Edith stood there agog at the menfolk of Curmudgeon Avenue.
‘Oh getting rid of that Ivy plant are you? Parasitic life sucker is Ivy, Harold’ Said Ricky Ricketts as though he knew what he was talking about. Of course, Harold had done no such thing. He had simply started on some light pruning of Edith’s favourite flowering climbers. After watching a few episodes of Gardeners’ World, Harold thought he knew everything. At his mother’s house in Bronte Crescent, Radcliffe there was no room for such fancies in the back yard.
‘I won’t be tackling that one, no, that Ivy plant is holding up the fence between our house and the neighbours’ Harold said, he slurped the can of lukewarm lager and smacked his lips together like an elastic band.
‘Erm. Excuse me! Aren’t you forgetting something?’ Edith said in high pitched tones, the roundness of her face blushing with sudden assertion. Harold and Ricky Ricketts looked at one another with playful accusation.
‘No’ Ricky Ricketts said. ‘Harold got the beers in, and I’m drinking them.’
‘Yes, and I’ve made a start on the garden. I didn’t hear you say thank you, Edith, so I think it’s you who has forgotten something. YOUNG LADY!’ Harold has the most annoying self-righteous habit of expecting thanks, where gratitude was not due. After all, he is now a fully paid-up member of Curmudgeon Avenue (much to my disgust), and so should be taking his goodly turn in the garden and cleaning duties. Toonan and Patchouli had now entered the scene at the kitchen door, they were just on the way to the fridge to replace their empty cider cans but thought they might as well listen in to the conversation.
‘I’m talking to you, Richard!’
‘Oh, Sunday name!’ Patchouli whispered to Toonan.
‘Huh?’ Ricky Ricketts bared his horrible brown teeth.
‘You’re meant to be collecting your girlfriend Wantha, and bringing her here for her surprise barbeque. And you’re meant to be setting the barbeque going, Harold!’
‘No… I…’ Ricky Ricketts looked at Toonan and Patchouli, both standing with their arms folded in the doorway of Curmudgeon Avenue’s kitchen. It secretly dawned on him that he had been asked to deliver Wantha to the secret birthday party that Edith was preparing for her. He looked at Harold, everyone’s favourite scapegoat. ‘Yeah, well, that’s nothing. I’ve just heard Harold calling my grandparent’s house his house.’
‘Oh, yeah, he did, and he said it’s his garden too, he said’ Patchouli and Toonan were nodding at one another interspersed with sideways disapprovals toward Harold. Edith thought about this. Yes, Number One Curmudgeon Avenue rightly belonged to her, and her sister Edna (who is missing, presumed to be living in France). Yet, this is Harold’s home… He pays rent, we are living together. Living in sin! Harold has neither proposed nor declared his love, and now he appears to have pruned all the favourite wisteria and honeysuckle from the front garden! She looked at her little twerp of a son, who has neither collected his lover on her birthday nor made any kind of a commitment to her.

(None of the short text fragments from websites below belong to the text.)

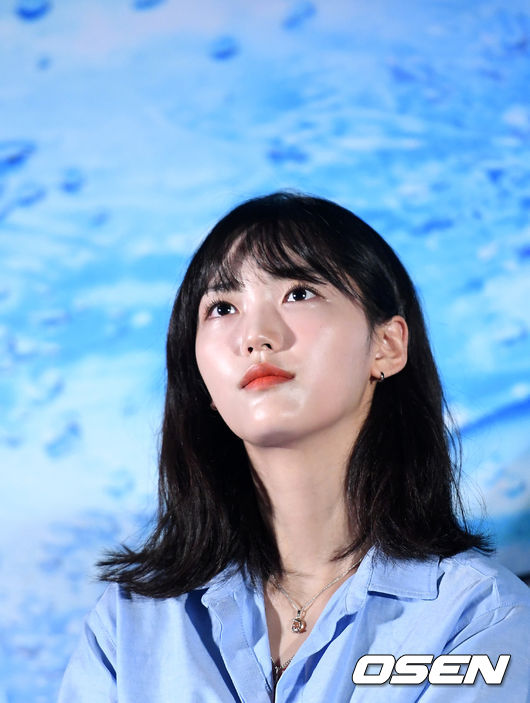 3일 오전 서울 롯데시네마 건대입구에서 열린 영화 '딥' 언론배급시사회에서 배우 정채율이 질문에 귀기울이고 있다. /jpnews@osen.co.kr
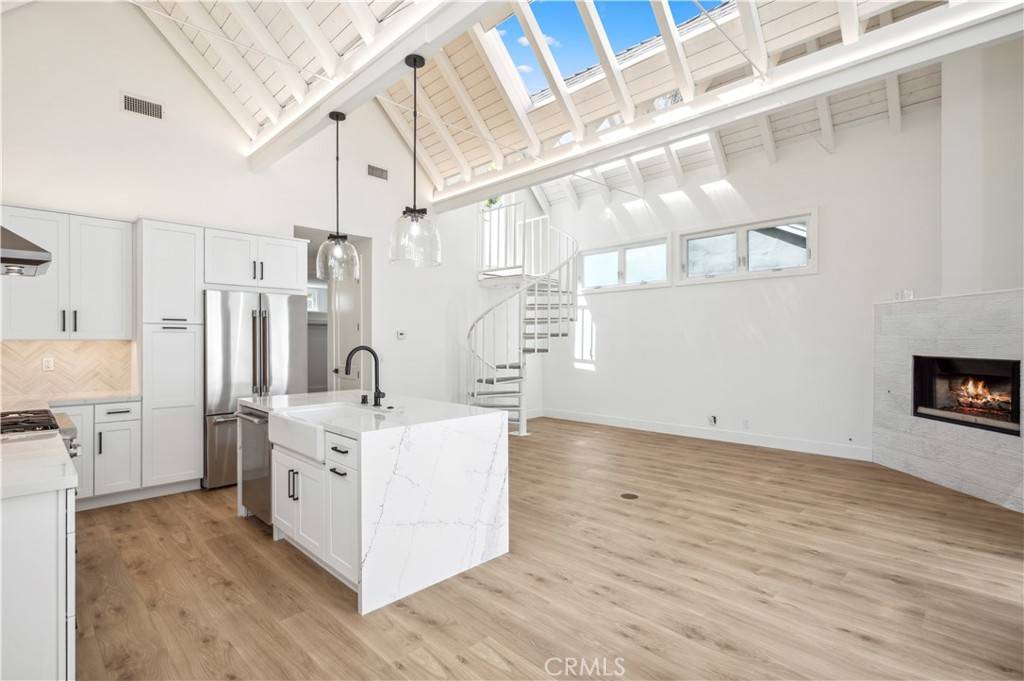 Corona Del Mar, CA 92625,439 1/2 Carnation AVE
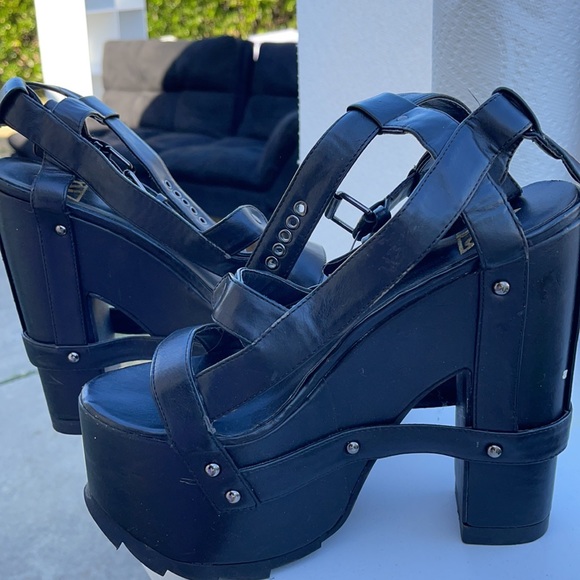 Dolls Kill Platform Heels - Picture 2 of 3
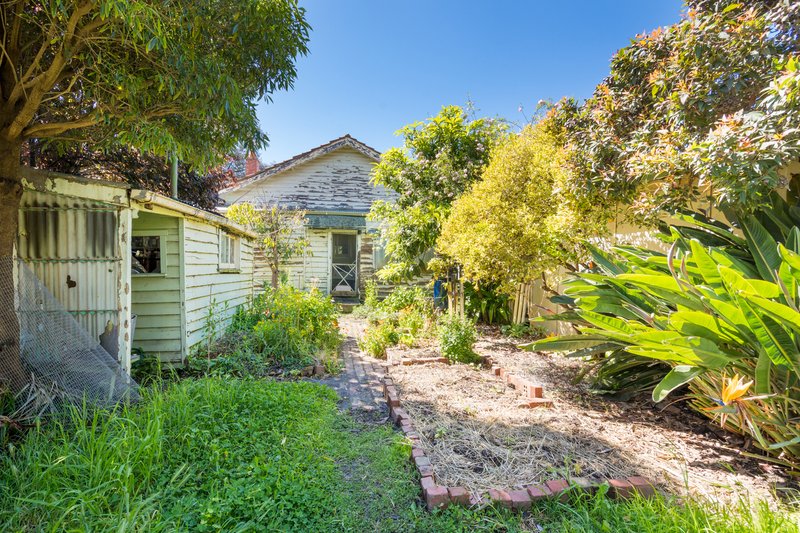 Photo - 55 Mashoobra Street, Coburg North VIC 3058 - Image 15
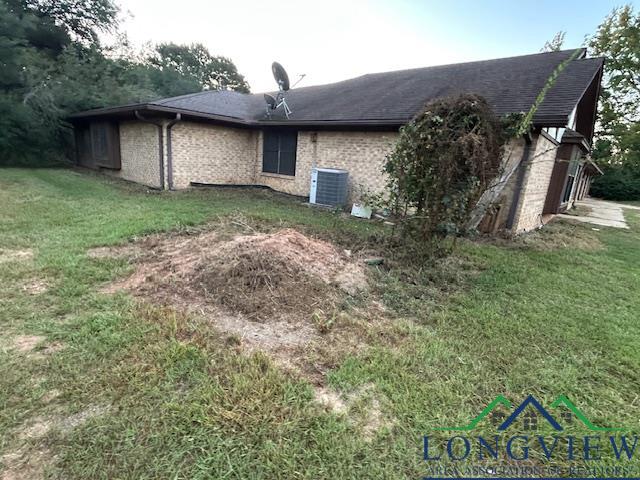 Marshall, Texas 75670, United States, 3 Bedrooms Bedrooms, ,2 BathroomsBathrooms,Residential,Active,222012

‘It’s your girlfriend’s …’ Edith looked at Patchouli, ‘which birthday is it of hers? How old is she?’ Patchouli shrugged with faint guesswork. Toonan shut one eye, looked to the ceiling, and then started counting on her fingers. ‘Never mind, you’re meant to be treating her like a princess today, and bringing her here!’
‘Yes, for a slap-up vegetarian do Ricky!’ Said Harold, who leapt to Edith’s side. They both looked through the window at the strange sight of the pruned wisteria and honeysuckle that Harold had unsuccessfully dumped on top of the compost bin making its way to the back door… Then Wantha appeared like a bedraggled forest goddess. Garden clippings intertwined with her glorious yellow afro hair. She did not look happy.
‘Oh, here she is! Here’s my first born on her birthday!’ Patchouli warmed the scene with motherly fondness ‘And what have you come as, love? You look like the Harvest festival princess!’
‘Innit!’ nodded Toonan in agreement.